# Growing out Rabbits?



## mtnckn (Dec 3, 2009)

I have a question for everyone. Would I be able to say build a 20X20 pen Earth over mesh wire bottom(so they don't dig out) pen to grow and fatten rabbits up till butchering time or would that not work? Thanks everyone for your help.


----------



## houndit (Dec 3, 2009)

The rabbits love to have the grass.  They will wipe it out in no time.  Would this pen be portable?


----------



## maidservant (Dec 13, 2009)

What you're talking about is technically a colony set up.  They are used extensively in Europe.  As long as you can keep them from digging out, squeezing through the wire, and keep predators from getting in, it's a very viable option.  I would suggest having two pens, rabbits can breed at 4 weeks old.  It's rare, but possible.  Be sure to provide them with hay kept in a dry place, feed, and plenty of water.  

I have a breeding colony set up, and so far I love it.  The pen won't hold in youngsters right now, so I'm still having to move the does to cages to kindle, but they are producing well and are much happier in a social environment.  

Emily in NC


----------



## waynesgarden (Dec 14, 2009)

Would this pen provide shelter from the elements? Would the bunnies be protected from predators?

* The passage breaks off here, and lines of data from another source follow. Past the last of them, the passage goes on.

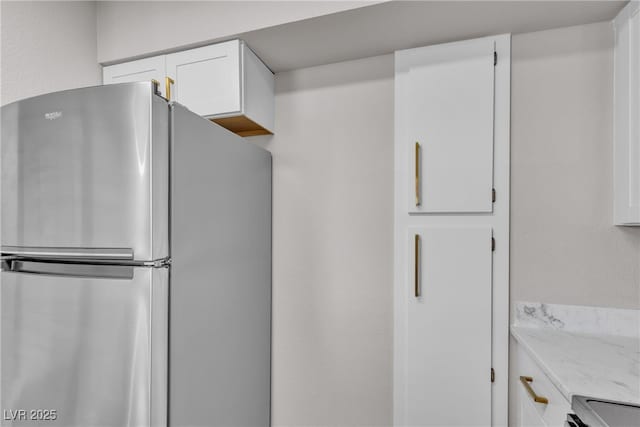 1150 N Buffalo Dr Unit 2025, Las Vegas, NV 89128 - kitchen with freestanding refrigerator, white cabinets, light stone countertops, and stove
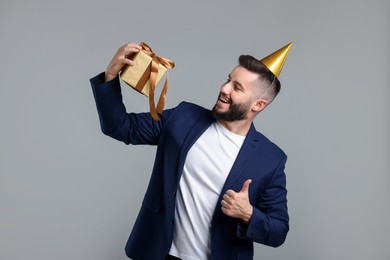 Photo of Happy Birthday. Handsome man with party hat and gift box showing thumbs up on grey background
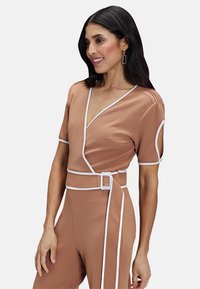 Brown wrap jumpsuit with short sleeves, white trim, and belt detail. Features a deep V-neckline and side cutouts for added design.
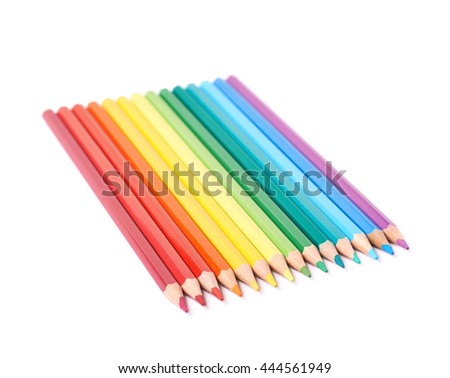 Multiple colorful color pencils composition arranged in a line to form a rainbow gradient, composition isolated over the white background
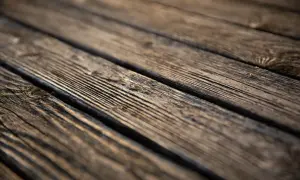Närbild på träplankor, redo för att såpskura altan. Vackert åldrat trä med synliga ådringar.
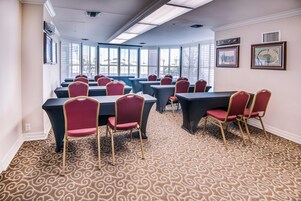 Un salón de conferencias con mesas y sillas, ventanas amplias, alfombra estampada y cuadros en las paredes.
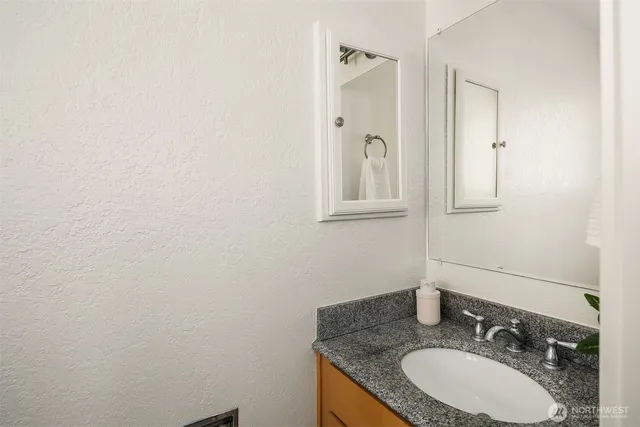 a bathroom with a granite countertop sink and a mirror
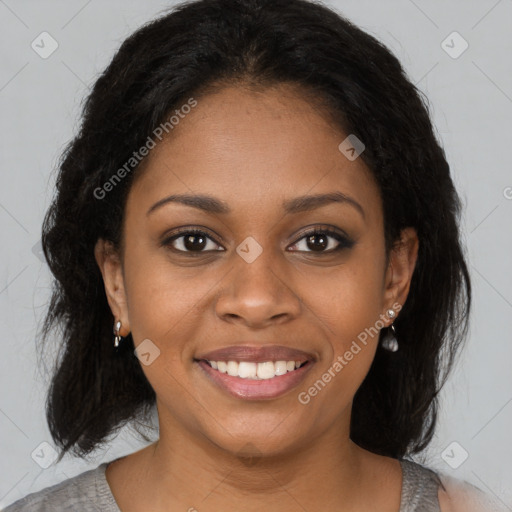 Joyful black young-adult female with medium  brown hair and brown eyes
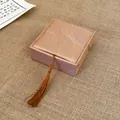Close-up detail of silk fabric jewelry gift box featuring feather pattern and tassel - Bracelet Box (AQ127)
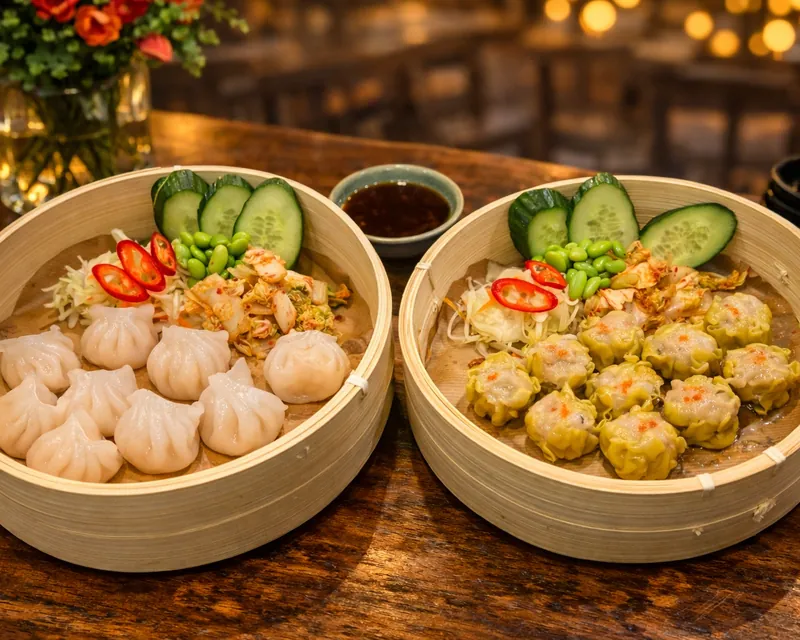 Två bamburångkorgar med ångkokta dumplings på ett träbord i restaurangen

Don't know where you live, but the buns can't be left unprotected in the open like range cattle.

Wayne


----------



## kelsystar (Dec 28, 2009)

It seems that protein brings the fryers up to weight faster. Not much protein in grass.

I know Polyface pastures its fryers in moveable pens. If rabbits are left too long on one patch of grass, they decimate it.


----------



## Bunnylady (Dec 28, 2009)

maidservant said:
			
		

> rabbits can breed at 4 weeks old.  It's rare, but possible.
> 
> Emily in NC


Can you document this? 

I've been breeding rabbits for about 20 years. I have known a lot of rabbit breeders, and believe me, they are the talkin'-est people you'll ever meet! Between my own experience, what I've read, and word of mouth, the youngest (productive) breeding I've ever heard of was at  about 12 weeks. They can breed immediately after kindling, which means they can produce litters almost every four weeks. Maybe this is what you meant?  I have seen mounting behavior in rabbits as young as 5-6 weeks, but they weren't anywhere near sexually mature. Most people (at least, those that aren't producing commercial fryers) don't even wean babies until they are at least 5-6 weeks old. If you could cite a source for this information, I really would appreciate it. I see many odd things that get passed on as "facts" on-line, and this just seems a little too weird to me. 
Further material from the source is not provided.